Dear Sainsbury’s


It must be a couple of weeks now since I’ve had to put finger to keyboard and complain about something not very substantial in the greater scheme of things but which carries a hint of annoyance about it. Last time, I don’t know if you remember, it was the courgettes that I ordered – and, I hasten to add, paid for – which didn’t make it into our custody.

Imagine that? It was like a botched kidnapping. I paid the ransom and yet I was not reunited with my loved one. Or, in this case, my courgettes. As you can imagine, the courgette and mint soup I was planning to make wasn’t quite as courgettey as we’d possibly have liked it to be. Still, everyone loves a nice bowl of mint broth don’t they?

This time I need to bring you to task regarding bananas.

I ordered bananas. I did, on this occasion, receive bananas.

But I had planned on eating them at sometime this week. They have currently been in my possession for almost forty-eight hours and it still looks, at first glace into the kitchen, like the Incredible Hulk has left his hand on our worktop.

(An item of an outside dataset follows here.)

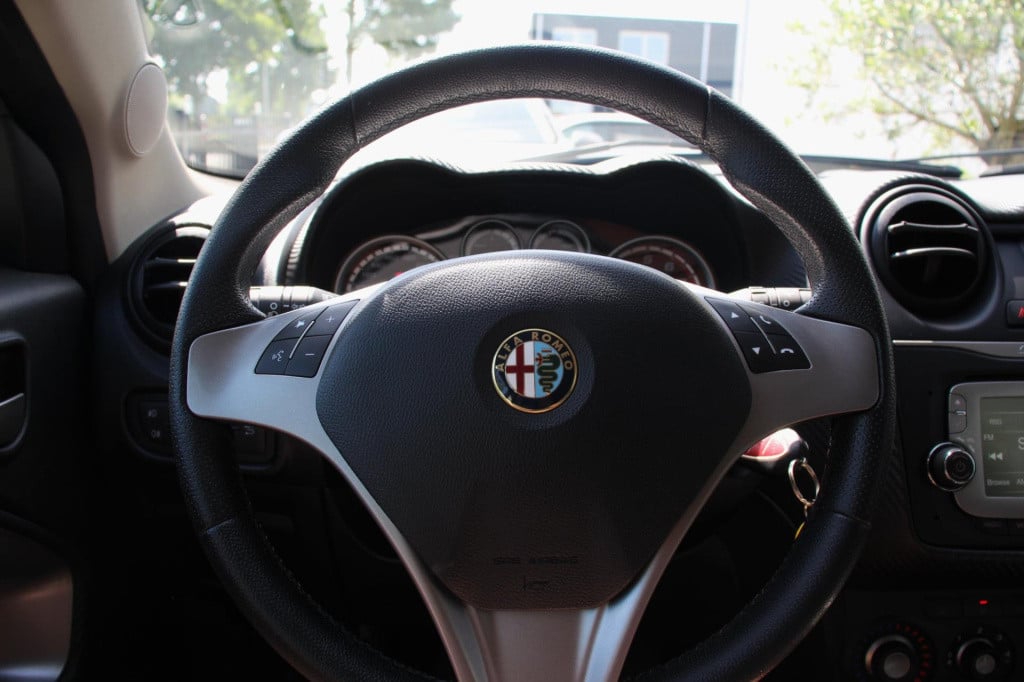 Alfa Romeo MiTo 1.4 turismo - actieprijs: €7.935,- t/m 20 augustus!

They are the greenest bananas I have ever seen. They’re so green that some of the green vegetables are envious of their emerald glow. The peas are having performance anxiety and the broccoli pales by comparison. Even the spinach – a large fluffy pillow of leaves occupying half the space in the freezer that will wilt down to a tiny pile of green mush that barely covers a spoon – is decidedly off-colour.

If I’d known they were going to be this green, these bananas, I’d have not asked for them this week. I’d have hung on for another week and ordered them when they’d be ready for human consumption. These ones look like they shouldn’t even have come off the tree, let alone be bagged up and sold to people who like the idea of eating a banana but need a good few days run up to mentally prepare themselves (and allow the banana to become edible).

What next? When I order chicken are you going to provide me with an egg – essentially a chicken that isn’t ripe yet –  that I need to keep warm for a period of time?

Come on guys, buck your ideas up.

Not that I’d stop using your online shopping service though, the thought of actually doing a full shop in a supermarket gives me hives.